Com o itinerário que segue pelas zonas Norte e Leste, por bairros como Cidade Nova , Cidade de Deus e Jorge Teixeira, o embarque de passageiros é feito apenas na avenida do Turismo. A cada parada, até seis trabalhadores embarcam no transporte coletivo clandestino.
Pontualidade
É a partir da estrada da Cidade Nova que, aos poucos, os passageiros começam a desembarcar.
“Pra voltar para casa num ônibus de linha comum precisaria parar no terminal 3 (Cidade Nova), esperar outro ônibus para seguir até o terminal 1 (Centro) e, finalmente, pegar outro para a comunidade João Paulo. Levaria pelo menos umas três horas para voltar do trabalho”, reclama Conceição.
A pontualidade é a característica que atrai muitos usuários para esse tipo de transporte. “Sabemos que ele irá passar pontualmente. E quando o motorista vai atrasar ele avisa para alguém daqui do ponto”, acrescenta a diarista.
Durante o flagrante, a equipe de reportagem observou muitos trabalhadores correndo para embarcar no ônibus “pirata”. Durante o percurso do transporte clandestino acompanhado pela equipe de reportagem, não foi vista nenhuma fiscalização pelo caminho.
“Nunca soube de algum ônibus desse tipo que tenha sido apreendido. Mas se isso ocorrer, muita gente que o utiliza enfrentará uma longa viagem para chegar em casa e ir para o trabalho optando pelo ônibus comum”, lamentou Conceição.
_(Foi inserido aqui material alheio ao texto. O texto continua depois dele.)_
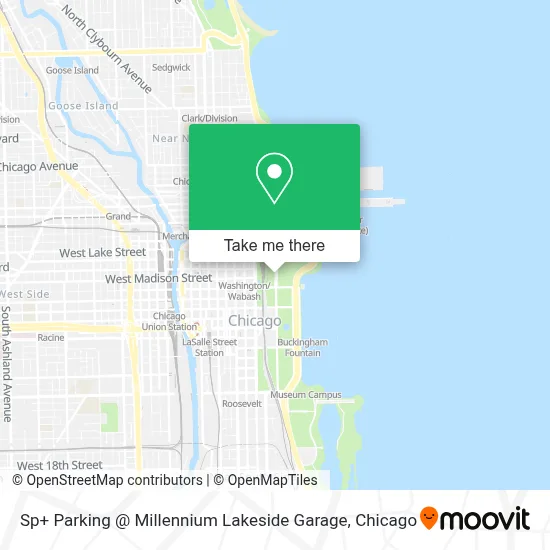 Sp+ Parking @ Millennium Lakeside Garage map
A reportagem entrou em contato com a assessoria de comunicação da Superintendência Municipal de Transportes Urbanos (SMTU) em busca de informações sobre a falta de linhas regulares para a área do Tarumã, mas até o fechamento desta edição não obteve resposta.
Necessidade
Para o doutor em Planejamento de Transporte e professor do Departamento de Geografia da Universidade Federal do Amazonas (Ufam), Geraldo Alves, a qualidade no serviço de transporte coletivo regular - isto é, dos ônibus de linhas -, direciona a migração ou não dos passageiros para o ônibus clandestino.
“É uma relação de custo e benefício. O ônibus de linha demora a passar, os itinerários são dispersos, o usuário precisa fazer a integração nos terminais, enfrenta filas enormes nesses terminais, passa muito tempo dentro do ônibus. Estas situações apontam para um serviço de baixa qualidade que favorece essa ‘concorrência’, que cobra um valor mais baixo”, diz o especialista.
Luiz Eduardo Leal, um dos idealizadores do site TransitoManaus, que oferece o serviço de mapas com todos os itinerários das linhas de ônibus, explica que reclamações sobre o horário dos itinerários e a falta de linhas em algumas áreas da cidade são frequentes pelos usuários que contribuem com informações para a ferramenta.
“Manaus tem uma demanda muito grande de usuários de transporte público mas ainda não consegue atender a necessidade de muitos”, explica.